» **WORK REQUIRED**: Omit every picture and output the rest of the records exactly as they are.

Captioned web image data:
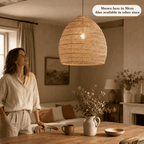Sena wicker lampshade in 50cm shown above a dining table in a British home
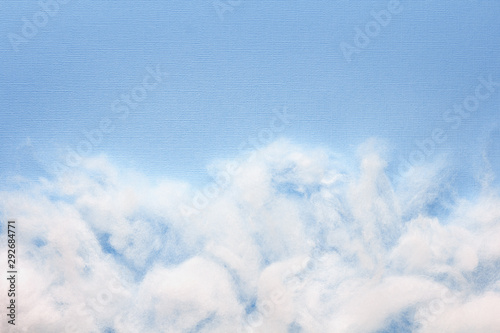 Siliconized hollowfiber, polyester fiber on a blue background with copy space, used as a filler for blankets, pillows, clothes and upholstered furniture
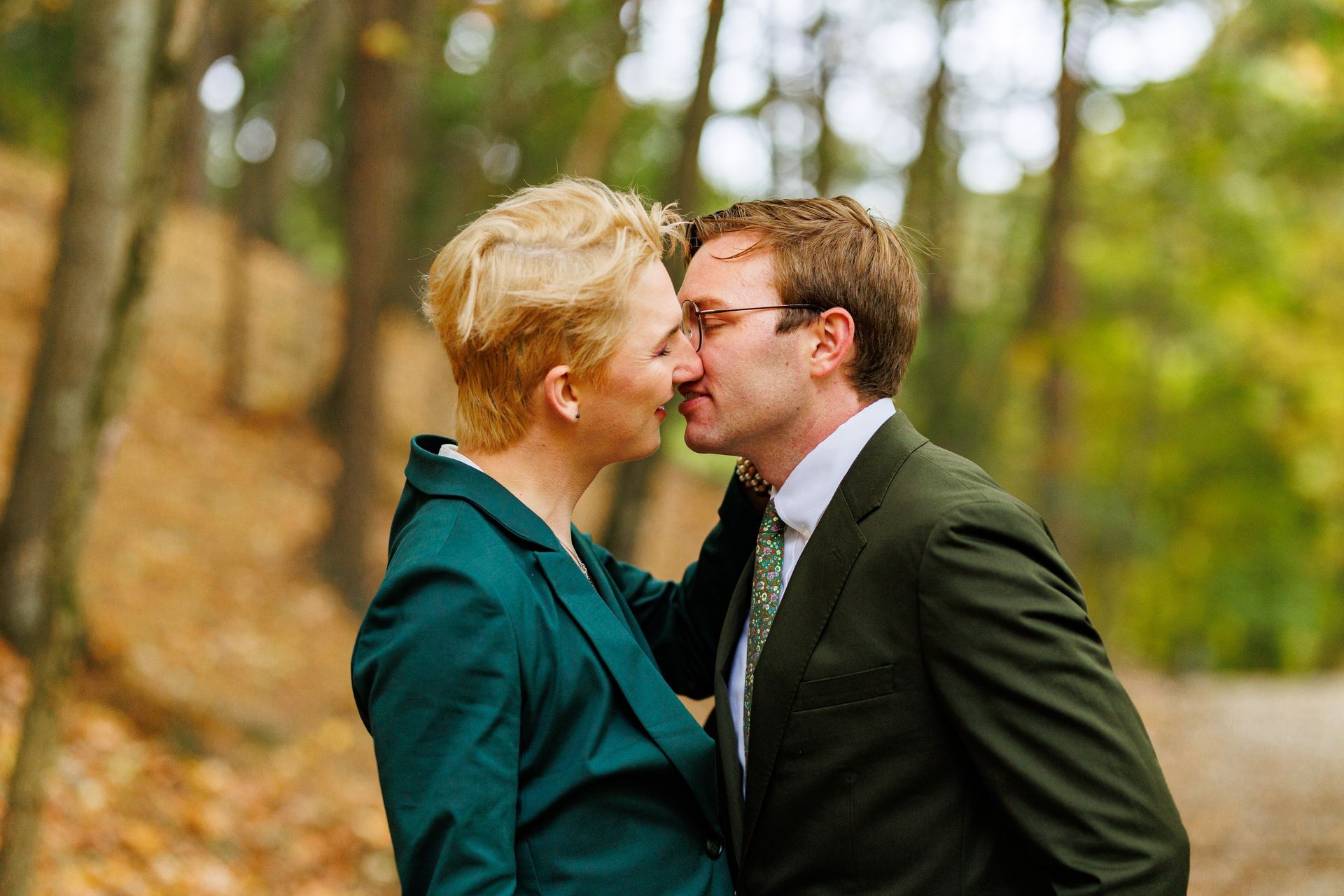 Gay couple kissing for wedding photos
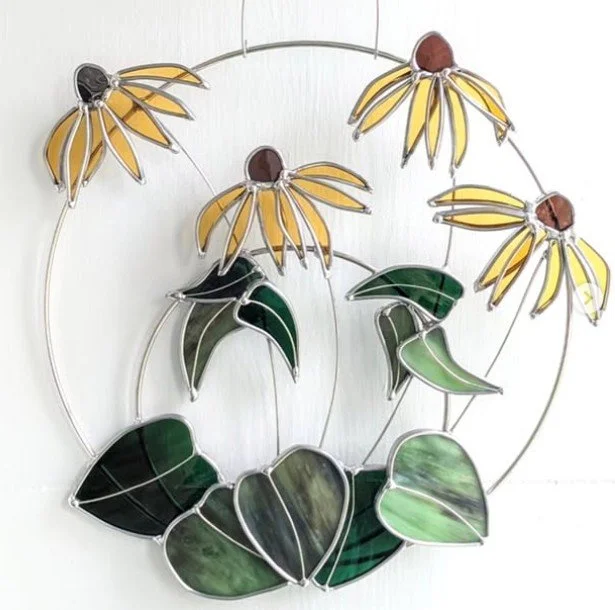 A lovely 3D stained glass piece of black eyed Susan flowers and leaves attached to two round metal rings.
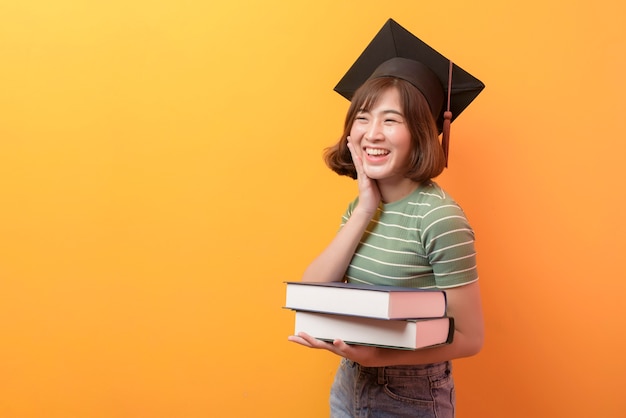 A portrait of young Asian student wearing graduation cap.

» **REPLY TO THE TASK**:
Sena wicker lampshade in 50cm shown above a dining table in a British home
 Siliconized hollowfiber, polyester fiber on a blue background with copy space, used as a filler for blankets, pillows, clothes and upholstered furniture
 Gay couple kissing for wedding photos
 A lovely 3D stained glass piece of black eyed Susan flowers and leaves attached to two round metal rings.
 A portrait of young Asian student wearing graduation cap.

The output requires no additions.